Pts with R/R AML and HR-MDS failing hypomethylating agents have limited therapeutic options and relatively dismal outcomes with available therapies. Investigational alrizomadlin is a novel, orally active, potent, small-molecule selective inhibitor that destabilizes the p53-MDM2 complex and activates p53-mediated apoptosis in tumor cells and has shown apoptotic activity in AML and MDS xenograft models, alone and combined with AZA. Here, we present safety and efficacy results of this therapy in these pts.

Methods

This open-label dose escalation and expansion trial included adults with R/R AML or relapsed/progressed HR-MDS (IPSS-R ≥ 4.5). MTD and RP2D of alrizomadlin ± AZA were determined by dose escalation. Alrizomadlin (100/150/200/250 mg) was administered orally on Days (D) 1-7 in 28-day cycles. In the combination dose escalation group, alrizomadlin (100/150/200 mg) + AZA (75 mg/m ²) was administered orally once daily on D 1-7 in 28-day cycles and at the combination RP2D during dose expansion. Responses were assessed per revised International Working Group (IWG) Response Criteria 2003, ELN 2017 classifications for AML, and IWG 2006 for MDS. Extensive pharmacokinetic (PK) analyses were performed.

Results

As of June 1, 2023, 29 pts were enrolled in China. In the monotherapy group, 21 pts (median [range] age, 65 [32-76] years; 76.2%, R/R AML) had a median (range) of 2 (1-10) prior lines of therapy. In the combination group, 8 pts (median [range] age of 69.5 [20-76] years; 50%, R/R AML) had a median (range) of 2 (1-4) prior lines of therapy. In both groups, common any-grade treatment-related adverse events (TRAEs; ≥ 20%) were hematologic- and gastrointestinal-related toxicities, hypokalemia, and dizziness, and most grade ≥ 3 TRAEs were hematologic toxicities. No grade ≥ 3 gastrointestinal toxicities were reported (Figure 1). One DLT, a pulmonary embolism (PE), was reported among 6 evaluable patients at the alrizomadlin 100 mg + AZA dose level: a 59-year-old pt with MDS had a prior COVID-19 infection and abnormal coagulation function before (and during) study treatment. The study investigator attributed the PE to the pt's COVID-19 infection, age, primary disease, and long-term bed rest. One pt in each arm discontinued treatment because of AEs. In pts with AML, the overall response rate (ORR) was defined as complete remission (CR) + CR with incomplete hematologic recovery (CRi) + partial response (PR) + morphologic leukemia-free state (MLFS). In pts with MDS, ORR was defined as CR + PR + marrow CR (mCR). In the monotherapy group, the ORR and CR/CRi rates among pts with R/R AML were 25% (4/16) and 18.75% (3/16), respectively. Three of 6 pts with MDS that progressed to R/R AML experienced responses, including 2 CRis and 1 MLFS. One of 10 pts with R/R AML treated with venetoclax + HMA experienced a CRi. In the monotherapy cohort, 4 pts with MDS refractory to HMAs were evaluated, of whom 2 experienced an mCR. The monotherapy RP2D was determined as 200 mg. In the combination group, 6 pts had an efficacy evaluation at least once. Among these pts, 3 of 3 with MDS experienced an mCR and 1 of 3 with R/R AML, MLFS. Among 4 pts with prior venetoclax + HMA treatment, 2 with MDS experienced an mCR and 2 with R/R AML showed a half marrow blast reduction at the end of C1 (Table 1).
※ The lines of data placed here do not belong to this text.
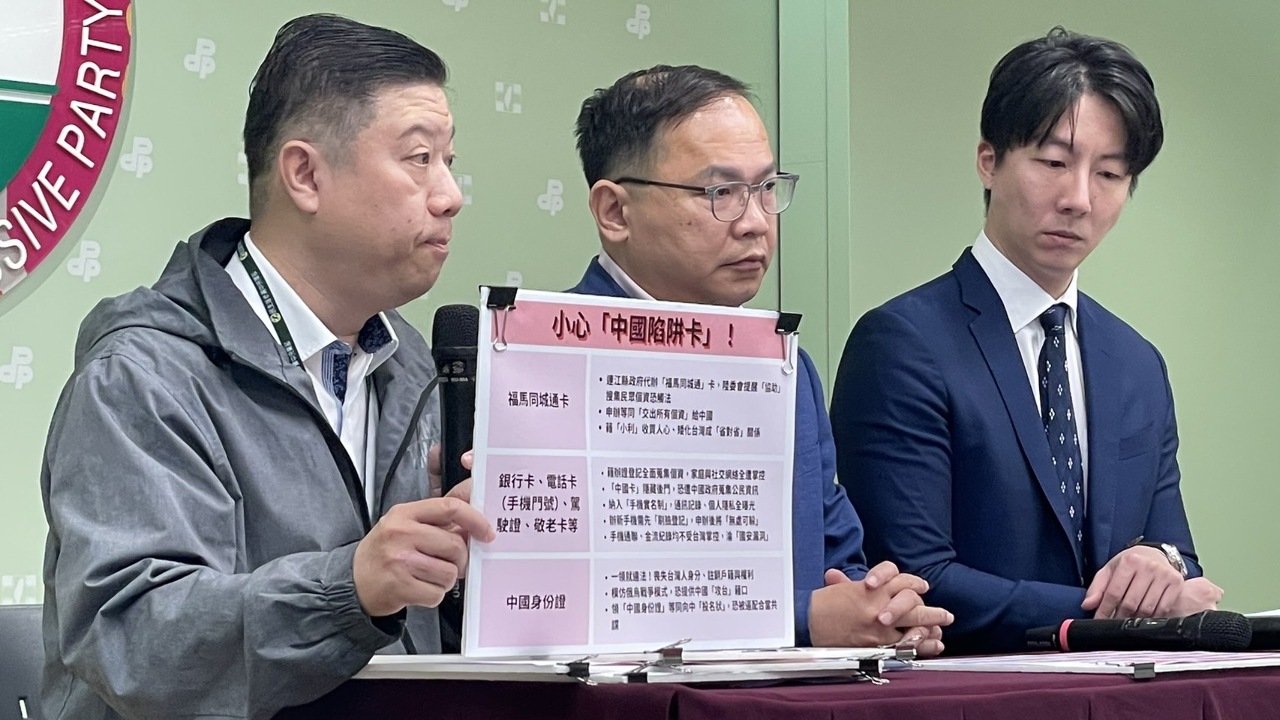 免錢的最貴！中國利誘台人辦證 民進黨示警：小心掉入統戰陷阱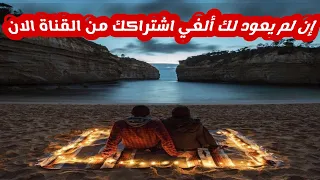سيزرية حرق قلب الحبيب بالمحبة القاطعة دكتور سيزر 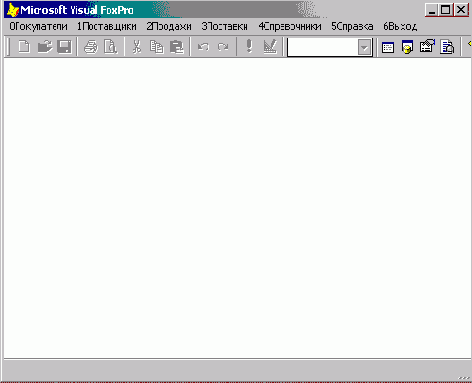 Формирование сообщения для пункта меню
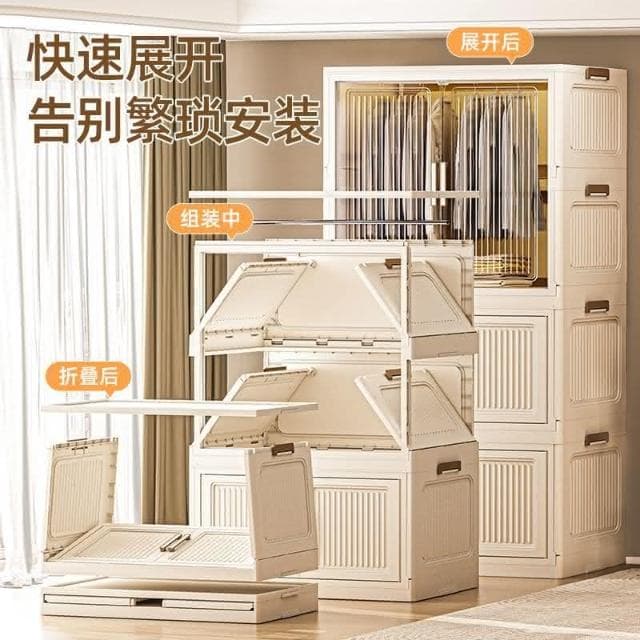 免安裝加厚折疊簡易衣櫃臥室多層衣物收納櫃嬰兒衣櫥玩具零食儲物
No PK drug-drug interaction between alrizomadlin and AZA was observed.

Conclusions

Alrizomadlin alone or combined with AZA demonstrated a manageable safety profile and preliminary efficacy in pts with R/R AML and HMA-refractory MDS. An antileukemic effect was observed in both monotherapy and combination settings, including a few pts whose disease failed on prior venetoclax treatment. Evaluation of the alrizomadlin + AZA cohort is ongoing. Internal study (CT.gov) identifiers: APG-115-AC101 (NCT04275518).